A postagem original, de 30 de setembro de 2018, trazia a revolta de seu autor com o fato acompanhada do “Eles não” –usado por grupos que fizeram oposição a Bolsonaro, sobretudo alinhados com candidatos de centro e esquerda. Nos autos, há resposta de Rafael ao texto.

“Não vejo a hora do Bolsonaro vencer as eleições e eu comprar meu pedaço de caibro para começar meus ataques. Ontem nas ruas de todo o país vi muitas famílias, mulheres e crianças destilando seus ódios pela rua, todos sedentos por um apenas um pedacinho de caibro para começar a limpeza ética que tanto sonhamos! Já montamos um grupo de WhatsApp e vamos perseguir os gays, os negros, os japoneses, os índios e não vai sobrar ninguém. Estou até pensando em deixar meu bigode igual (o) do Hitler. Seu candidato coroné não vai marcar dois dígitos nas urnas, vc (você) já pensou no seu textão do face para justificar seu apoio aos corruptos no segundo turno?”, destacou o texto, citado pelo promotor no inquérito.

O empresário foi ouvido em 12 de dezembro pela Polícia Civil, negando pertencer a grupos que façam perseguição a segmentos sociais e reiterando o caráter irônico de seu texto, motivado justamente pelo “Eles não”, referência ao candidato que apoiava.

Cinco dias depois, o autor do texto original também prestou depoimento e, afirmando conhecer Rafael por terceiros, reiterou acreditar que o comentário, do qual discordara, foi inserido “de maneira irônica”. Cândia, porém, manteve a acusação, que foi enviada em maio deste ano à Justiça e, em 2 de junho, foi acatada pelo juiz Olivar Coneglian, da 2ª Vara Criminal da Capital.

Confira postagem completa levada à Justiça. (Clique para ampliar)
Confira postagem completa levada à Justiça. (Clique para ampliar)

Ameaçado – O avanço do caso causou estranheza ao autor do comentário, segundo quem a ironia usada “fica evidente” por conta dos termos usados no texto. “E o que deixa mais evidente disso tudo é que tem oito meses do atual governo e não houve nenhuma perseguição ou ação que a própria esquerda dizia que os bolsonaristas e seus eleitores iam praticar.
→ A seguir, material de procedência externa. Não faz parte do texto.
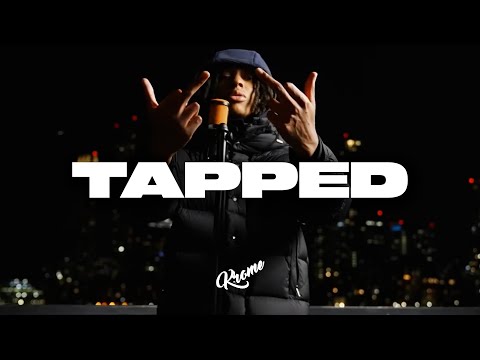 [FREE] YD Muni x Lil Zino Type Beat - "TAPPED" | Prod By Krome
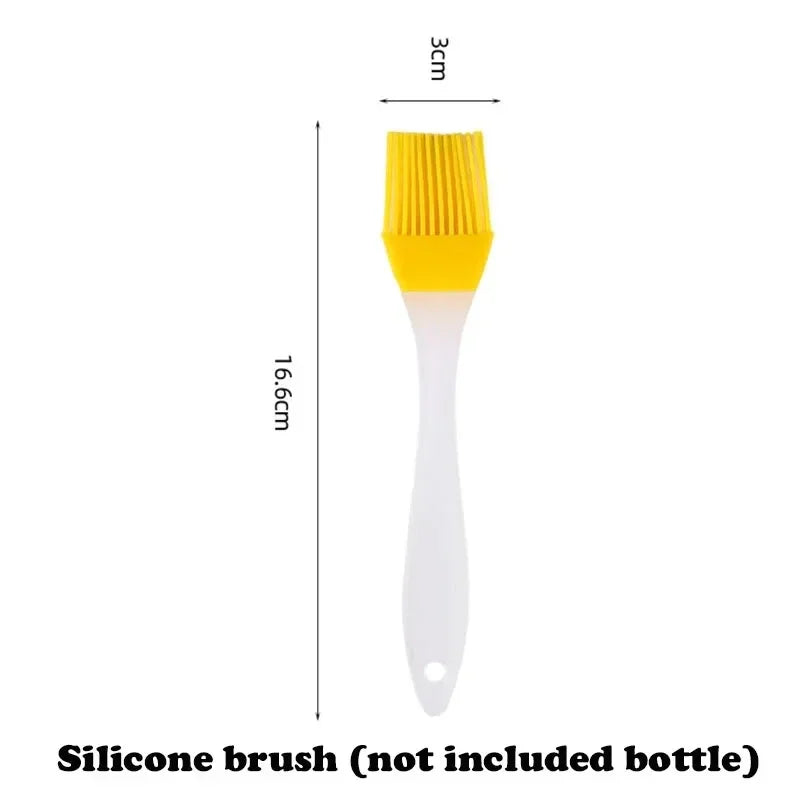 2 in 1 oil dispenser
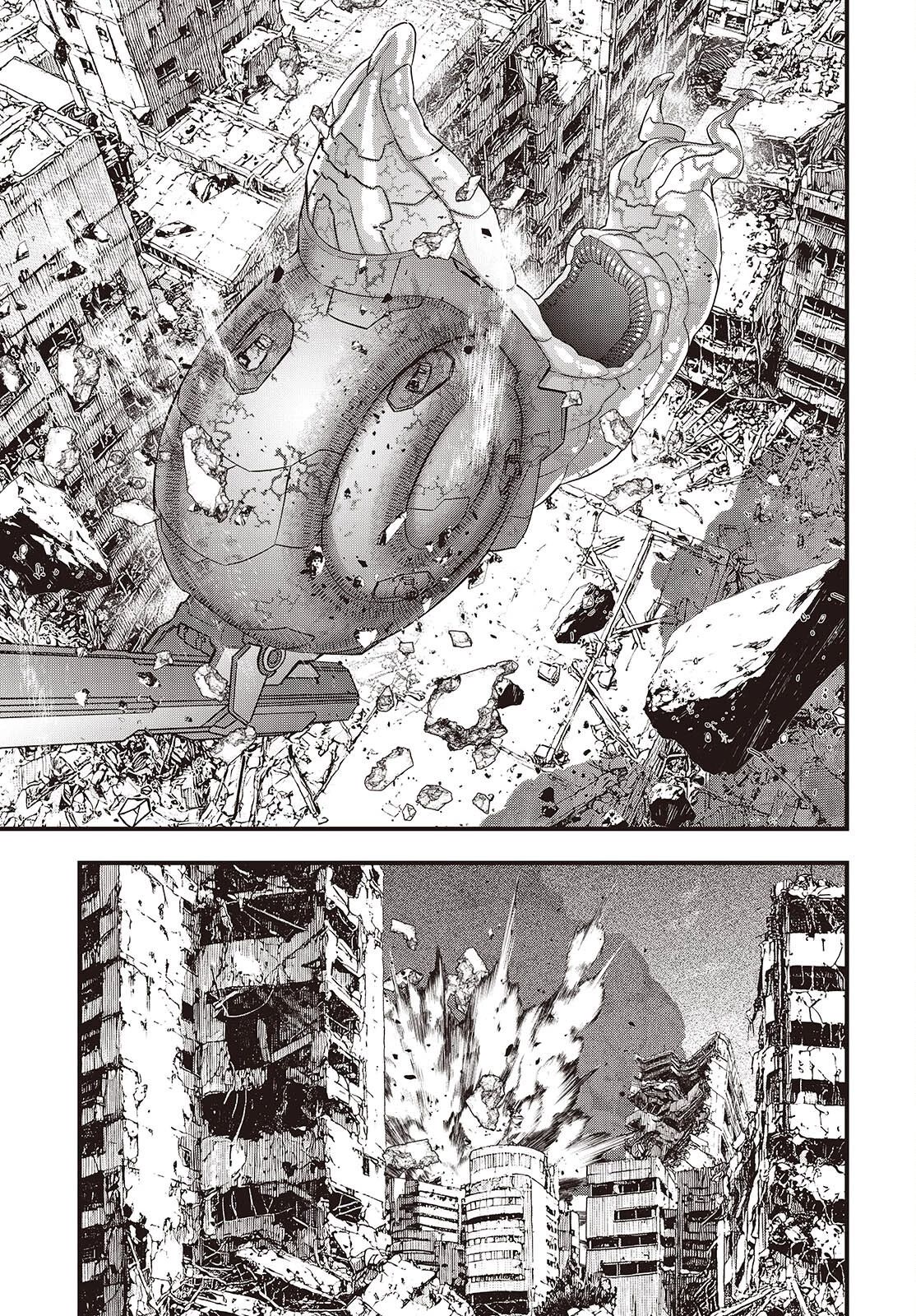 リビルドワールド 第72話 - 13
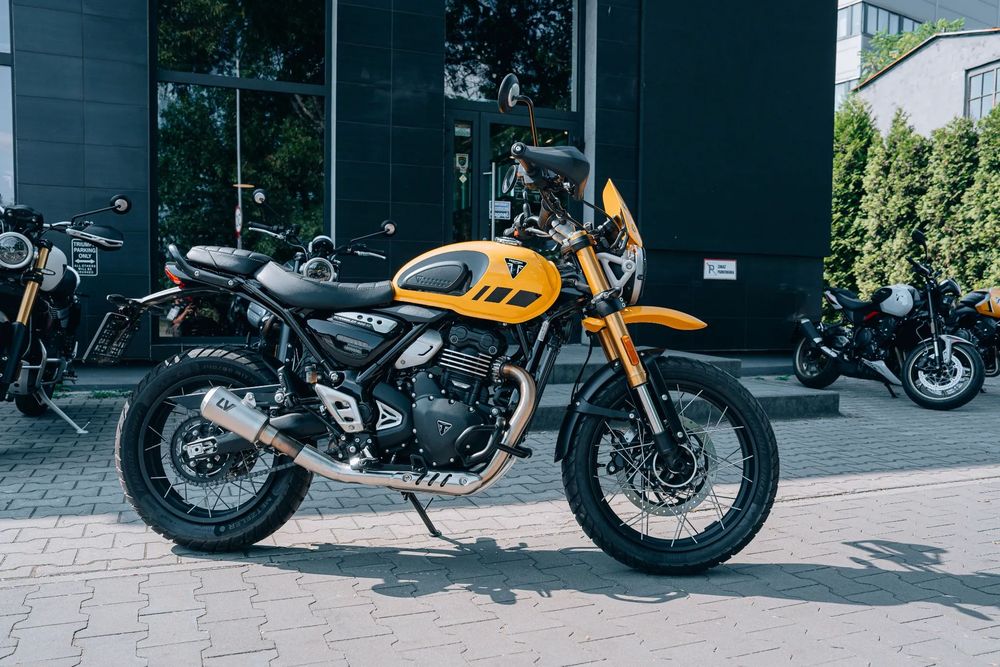 Triumph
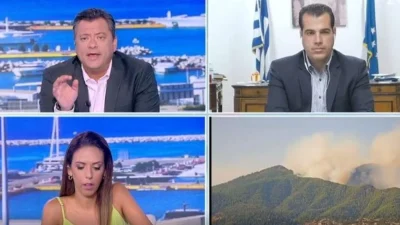 Κορωνοϊός: Έρχονται και άλλα εμβόλια τον Οκτώβριο - Η ανακοίνωση του Θάνου Πλεύρη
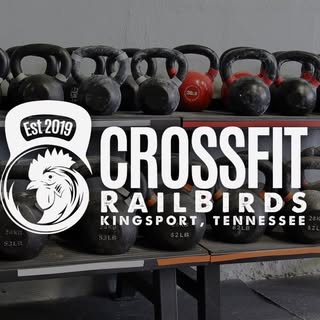 CrossFit RailBirds
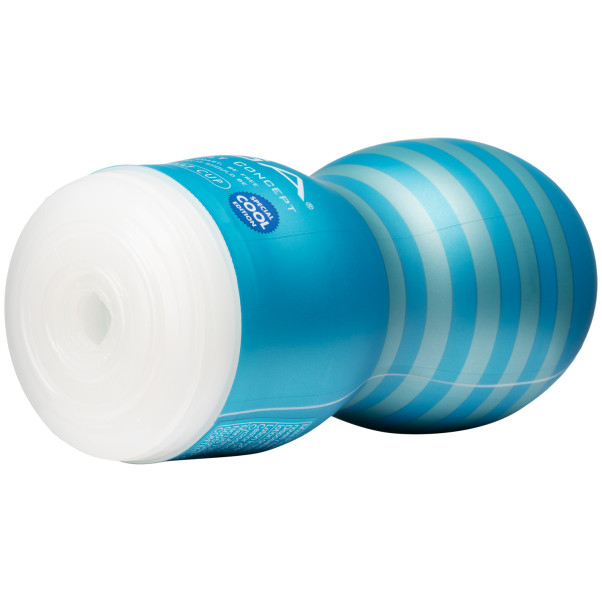 TENGA Original Vacuum Cup Cool Edition Masturbator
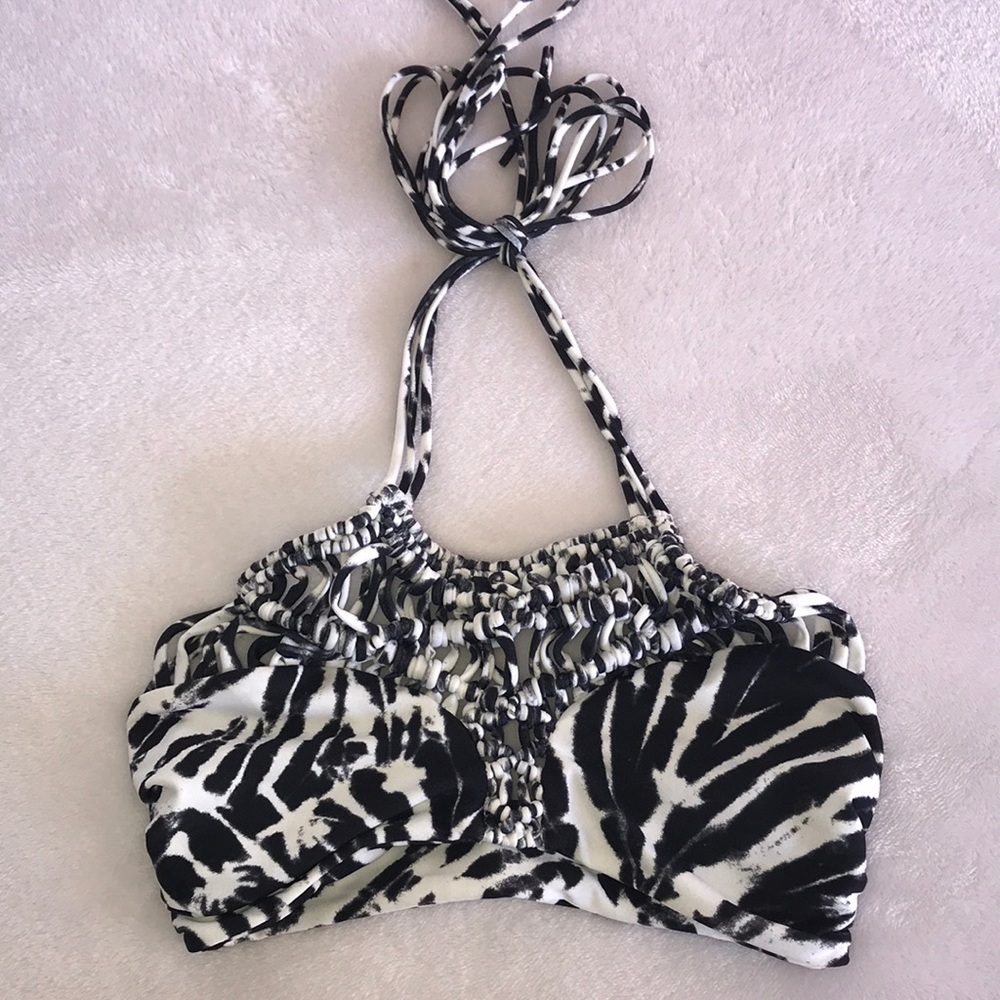 Mikoh Bikini Top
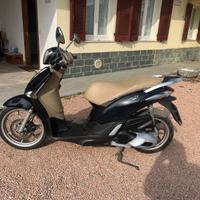 Scooter Piaggio. Liberty 125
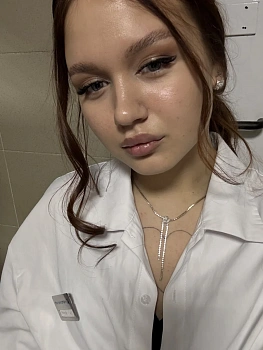 Соколова Ксения Сергеевна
Não teve nada disso”, afirmou Rafael ao Campo Grande News, por telefone.

O empresário, que destacou ver no politicamente correto “uma forma de cerceamento à liberdade”, reconhece que o episódio serviu para se pensar duas vezes ao expressar sua opinião “para não ter brecha interpretativa”.

Segundo ele, o comentário acabou virando “munição” para adversários políticos. “Nós dois estávamos na conversa e entendemos se tratar de ironia. Mas alguém recortou o comentário e espalhou na internet”, disse. Tempo depois, imagem com o texto de Rafael, sem o post original, já circulava pelo país. “Foi jogado em grupos de esquerda. Fui ameaçado à época, xingado, falaram que iam me matar, buscaram fotos da minha filha”, afirmou.

“Quando se retira um comentário de um texto, as pessoas podem interpretar de ‘n’ formas, pegando um trecho de conversa e se tenta atribuir a uma narrativa. Quem ler o contexto todo vê a figura de linguagem. Recortada, a conversa vira uma fake news”, pontuou o empresário, pesando, ainda, o impacto da internet no processo eletivo de 2018 –quando a polarização política também resultou em trocas de acusações entre os grupos em disputa.

“A internet, muitas vezes, acaba atraindo o debate político, dando condições para pessoas participarem de um debate público. Isso acaba, de certa forma, contaminando todo o processo eleitoral. Mas acho que é uma maneira também de as pessoas participarem que antes não tinham. E isso incomoda a velha política, que conduzia uma imprensa mais amistosa”, avaliou, apontando que a “voz ativa da internet incomoda”.

A decisão de Coneglian envolveu a aceitação da acusação, que agora será processada pelo Poder Judiciário.